Contributors of $100 will receive a special edition. Their name will appear on the case. In the documentary itself they will see themselves credited and thanked, not as one name midst a scrolling list of thousands, but exclusively.

The personalized copy of a $200 contributor will contain a segment where the candidate looks into the camera and thanks his benefactor, and only him/her, by name.

Those who contribute the legal maximum will be given an opportunity to meet the candidate and shake his/her hand. That personal encounter will be taped and incorporated into the contributor's copy of the documentary.


Americans are avid collectors. They collect for money and for pleasure, for themselves and for their heirs. They collect everything form  baseball cards and bottle caps, to Picassos and vintage cars. Here they would have a chance to acquire unique bits of Americana. Their friends and their heirs can see them participate in US political history. Just suppose we today had campaign videos showing our great-great-grandfathers shaking hands with FDR after his NY gubernatorial campaign, or with Senator-elect Stephan Douglas whose documentary would also include snippets of that campaign's loser, Abraham Lincoln. Who would not treasure such a family memento?
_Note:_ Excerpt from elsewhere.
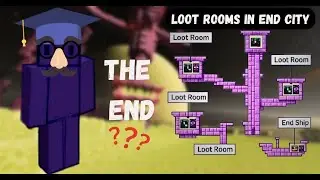 MINECRAFTDA END OLAMNI TO`LIQ O'RGANIB CHIQDIM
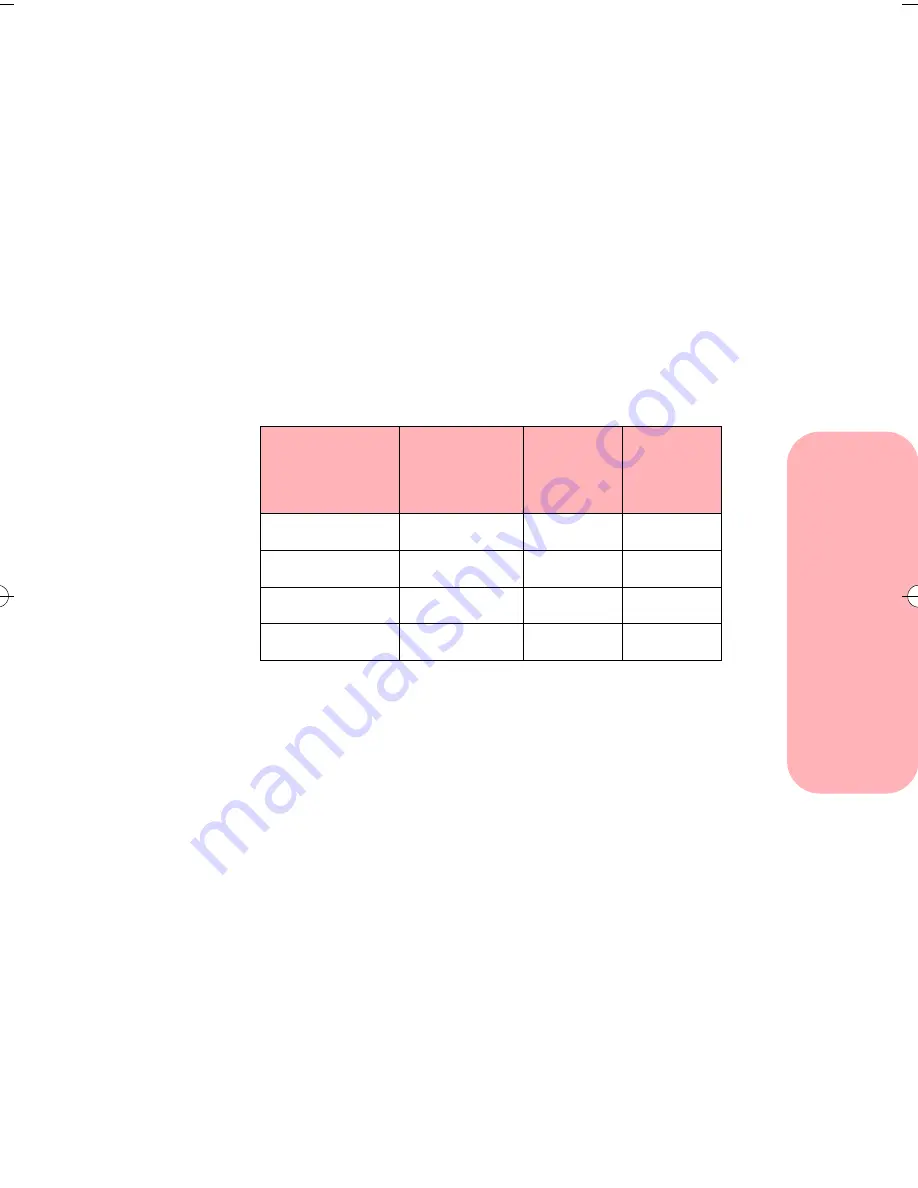 Lexmark Photo Jetprinter 5770 Скачать руководство пользователя страница 19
Here then is a way to finance any political campaign be it for mayoral office, a seat in Congress, or the White House. It will allow a candidate to pay off his obligations before he/she even swears the oath of office, and be his own man thereafter.


What about the documentary of a losing candidate?

It would be worth having. Just imagine owning a campaign documentary of losers like William Jennings Bryan or Wendell Willkie or Aaron Burr. Moreover, every loser's documentary would of necessity include snatches of the winning opponent, especially in debate segments.

Would it not be costly to produce such a documentary?

It need not be a slick piece of work. If it is the actual handiwork of the candidate and spouse, using the editing equipment of a local college and help from the campaign staff, the non-professional aspect of the video would make it all the more genuine and personal.

Would it not be expensive and time consuming to produce personalized copies?

No. It is easy to make exclusive tapes each crediting  a separate sponsor. It is also easy to have a candidate look into a camera and read off hundreds of names and have each name inserted as a separate sound bite into a separate tape.

Meetings with  the maximum contributors could also be easily taped and inserted into a cassette. One way would be, via a slow moving escalator. The handshake would last only a few seconds but the contributor could be videoed approaching, and the handshake shot from two and even three angles and all  inserted into the tape with general words by the candidate. The effect would be of a substantial meeting.

Candidates often have famous supporters from the entertainment and sport world. Contributors might be given the option of meeting and being thanked on behalf of the candidate by such a celebrity and have that handshake inserted in the documentary. Some people might prefer the thrill of meeting a Paul Newman or Britney Spears to meeting any politician.

What about the time this would require of the candidate? If there are many contributors, even if every hand shake lasts but 10 seconds that could still mean many days of work shaking hands.

Yes, it might require a candidate to spend two or three weeks of tiresome handshaking 10 hours a day. So what? There are 2 months between election and inauguration day. In that time the candidate would satisfy all obligations to contributors. Is that not preferable to being beholden to contributors throughout a term?

Suppose 20 people throw their hats into the ring for a congressional seat and promise campaign videos?

Clearly, the most viable candidates will get most of the contributions. Few people are interested in the vanity productions of nobodies.

Is there not a danger that this method will finance candidates from the radical right and left?

Yes that possibility exists. Some disagreeable people are articulate and compelling. Their campaigns videos might attract contributors who don't share their politics. The result might bankroll some rather rancid politicians. But all in all, an open democracy has less to fear from corrupt ideas than from corrupting money.